III.             Issues

[22]           Given the realignment of the respondent’s position at trial, I find that this case raises the following three questions:

  1. Does the computer program developed by the applicant under the terms of the contract between the parties, to his benefit, constitute a “work” within the meaning of the Act?
  2. If so, did the respondent infringe on the applicant’s rights under the Act in this regard? and
  3. If so, is the applicant entitled, in whole or in part, to the damages he is claiming in this case?

IV.             Analysis

A.                Does the computer program developed by the applicant constitute a “work” within the meaning of the Act?

[23]           As we saw above, the respondent concedes that the computer program designed by the applicant under the contract between the parties is a “literary work” within the meaning of the Act.  I am also of that opinion.

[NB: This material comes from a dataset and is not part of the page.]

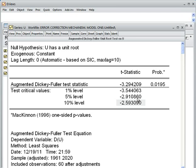The absolute value of our test statistic is 3.29 — ignoring the sign. This is greater than the Engle-Granger critical value of 3.04 at 10%. Since the test statistic exceeds the critical value, we can reject the null hypothesis and accept the alternative hypothesis: u does not have a unit root, meaning u is stationary.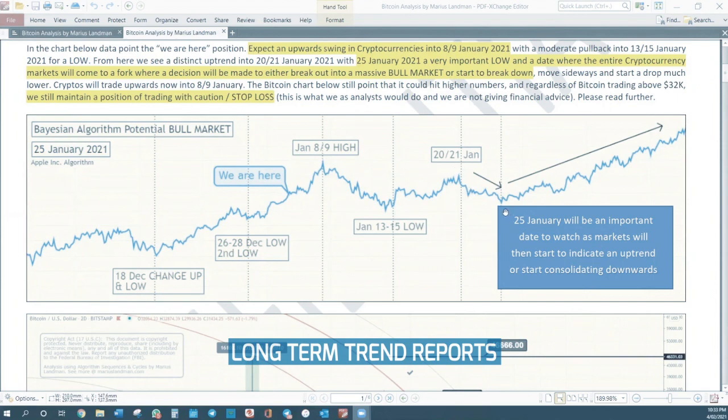And then on 25 January, the low. This is where we said the mini bull market starts.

[24]           Subsection 5(1) of the Act stipulates that copyright shall subsist in Canada, if certain conditions, which do not apply here, are met, in “every original literary, dramatic, musical and artistic work”.  For a “work” to benefit from copyright protection in Canada, it must meet the following three criteria: (i) it must be an original work; (ii) it must qualify as a literary, dramatic, musical and artistic work; and (iii) be in a fixed material form (Grignon v Roussel (1991), 38 CPR (3d) 4 (FCTD), at page 7).

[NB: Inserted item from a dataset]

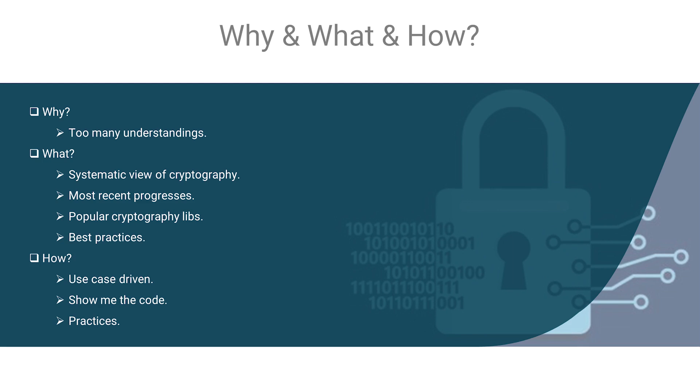After finishing the class, you will be able to obtain an overview of modern cryptography and be aware of recent significant progress in this field.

[25]           The computer program in this case satisfied the second and third criteria insofar as the Act incorporates computer programs into the definition of literary work and the expression “computer program” is defined in the Act as a “set of instructions or statements, expressed, fixed, embodied or stored in any manner that is to be used directly or indirectly in a computer in order to bring about a specific result”.

[26]           Moreover, to be “original” within the meaning of the Act, a work must be the product of an author’s exercise of skill and judgment without also having to be novel or unique, and the exercise must not be so trivial that it could be characterized as a purely mechanical exercise (CCH Canadienne Ltd v Law Society of Upper Canada, 2004 SCC 13, [2004] 1 SCR 339, at para 16).

[27]           According to the evidence in the record, the performance of an integration task, such as that which the applicant had to complete, requires judgment and talent by a programmer in the sense that it requires from him intellectual effort that is not trivial, i.e., using his personal knowledge, ability to form an opinion or evaluation by comparing different possible options.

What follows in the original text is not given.